In “The Author’s Note”, a preface of sorts to The Return of Eva Peron with The Killings in Trinidad (Alfred A. Knopf, New York, 1980), V. S. Naipaul writes,
These pieces…were written between 1972 and 1975. They bridged a creative gap: from the end of 1970 to the end of 1973 no novel offered itself to me. That perhaps explains the intensity of some of the pieces and their obsessional nature….I can claim no further unity for the pieces; though it should be said that, out of these journeys and writings, novels did in the end come to me.
This little passage contains, within it, several interesting observations on the writing process.
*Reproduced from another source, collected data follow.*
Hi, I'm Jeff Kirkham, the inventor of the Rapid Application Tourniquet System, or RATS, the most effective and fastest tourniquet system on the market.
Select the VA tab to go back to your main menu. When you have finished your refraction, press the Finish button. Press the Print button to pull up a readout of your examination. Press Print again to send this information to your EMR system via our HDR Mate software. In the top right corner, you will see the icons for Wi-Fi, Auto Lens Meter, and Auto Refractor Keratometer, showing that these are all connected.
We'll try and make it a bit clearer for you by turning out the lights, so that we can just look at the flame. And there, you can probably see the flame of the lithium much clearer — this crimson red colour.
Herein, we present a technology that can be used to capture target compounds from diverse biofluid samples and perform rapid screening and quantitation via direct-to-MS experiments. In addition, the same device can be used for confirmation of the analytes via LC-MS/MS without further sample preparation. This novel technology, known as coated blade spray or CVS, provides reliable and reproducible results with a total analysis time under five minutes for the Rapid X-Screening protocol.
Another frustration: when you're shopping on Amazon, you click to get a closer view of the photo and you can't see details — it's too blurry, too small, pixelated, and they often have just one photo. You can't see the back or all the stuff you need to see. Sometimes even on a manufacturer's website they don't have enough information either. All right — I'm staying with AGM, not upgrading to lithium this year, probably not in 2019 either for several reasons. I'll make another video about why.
First, Naipaul notes that for a period of three years no ideas for a novel ‘came’ to him (or if they did, they were not fecund enough to be sustained for too long.) By phrasing his description of this state as one in which “no novel offered itself to me” Naipaul reiterates the quasi-mystical notion of a written work as presenting itself to its writer as an offering, one now to be taken on and brought forth. Here I am; make of me what you will. The writer appears as a conduit for the passage–into the reader’s world–of a written work. Naipaul’s further remarks make clear that while this initial stage of writing might seem otherworldly, what follows is most decidedly grounded in the concrete–in the very substantial acts of writing itself.
Second, even though no idea for a novel-length project came to fruition, the writer still has his writerly energies within and about him; they seek expression in the only way he knows how. So the writer writes; in this case, essays and reportage. The writer must write; something, anything. If not fiction, then something else. The novelist, thwarted, now seeks release in essays, which now bear the marks of having functioned as receptacles for his charged outpourings. Naipaul thus points us toward the notion of the writer as driven by energies that need discharging. (Failure to do so–in the right way, or at all–might account for some of the misery that writers seem to constantly experience.)
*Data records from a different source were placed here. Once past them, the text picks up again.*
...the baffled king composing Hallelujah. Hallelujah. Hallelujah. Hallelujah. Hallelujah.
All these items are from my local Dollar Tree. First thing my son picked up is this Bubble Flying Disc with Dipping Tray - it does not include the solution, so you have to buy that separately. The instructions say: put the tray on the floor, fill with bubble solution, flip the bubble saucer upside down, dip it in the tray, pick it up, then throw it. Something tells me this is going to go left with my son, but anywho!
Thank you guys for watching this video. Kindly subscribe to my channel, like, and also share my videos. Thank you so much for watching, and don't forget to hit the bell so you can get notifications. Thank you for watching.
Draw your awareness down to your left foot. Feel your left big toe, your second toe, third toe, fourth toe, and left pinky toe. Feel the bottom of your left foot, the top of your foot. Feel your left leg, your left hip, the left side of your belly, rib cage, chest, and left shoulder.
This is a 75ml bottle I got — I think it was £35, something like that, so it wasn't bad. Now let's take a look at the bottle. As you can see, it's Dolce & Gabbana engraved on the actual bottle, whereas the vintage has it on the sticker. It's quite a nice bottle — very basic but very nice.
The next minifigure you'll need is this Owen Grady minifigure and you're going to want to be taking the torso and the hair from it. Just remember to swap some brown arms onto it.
Third, the process of writing, the work of putting words to paper (or screen), now makes possible that which previously was not: the bringing forth of a novel. As the late Roger Ebert once noted, ‘The muse only visits while you work.” Here too, Naipaul confirms for us the wisdom of that observation. If inspiration for a novel is not forthcoming, then perhaps it might be facilitated by the writer’s best trick: writing. The very act of writing is the spur which brings forth the hitherto missing spark.
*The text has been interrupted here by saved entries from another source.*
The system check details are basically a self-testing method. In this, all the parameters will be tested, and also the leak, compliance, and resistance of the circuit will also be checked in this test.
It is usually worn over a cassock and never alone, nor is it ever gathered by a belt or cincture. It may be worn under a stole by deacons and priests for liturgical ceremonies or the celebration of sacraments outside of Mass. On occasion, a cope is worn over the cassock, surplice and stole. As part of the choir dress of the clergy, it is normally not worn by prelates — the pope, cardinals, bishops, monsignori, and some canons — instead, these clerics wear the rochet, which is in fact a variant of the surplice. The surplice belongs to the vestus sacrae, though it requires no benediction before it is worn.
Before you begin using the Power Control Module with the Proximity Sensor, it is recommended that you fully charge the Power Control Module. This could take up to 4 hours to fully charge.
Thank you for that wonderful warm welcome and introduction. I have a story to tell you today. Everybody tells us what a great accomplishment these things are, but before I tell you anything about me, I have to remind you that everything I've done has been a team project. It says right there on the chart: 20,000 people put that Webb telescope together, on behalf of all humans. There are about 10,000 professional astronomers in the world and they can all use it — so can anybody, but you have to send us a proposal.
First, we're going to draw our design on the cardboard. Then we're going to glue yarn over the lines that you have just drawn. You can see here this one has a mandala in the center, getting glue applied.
We may thus extract advice for the writer: You will often find yourself not able to write; inspiration will be felt lacking; at those moments commit to writing something, anything, even if not what you would have originally wanted to write; out of this seeming diversion, you might yet find a way back to the path you had originally wanted to set out on.
One thought on “V. S. Naipaul on Diversion and Inspiration”
It was Robert Heinlein who once said ‘you must write’. An apt observation given Naipaul’s experience.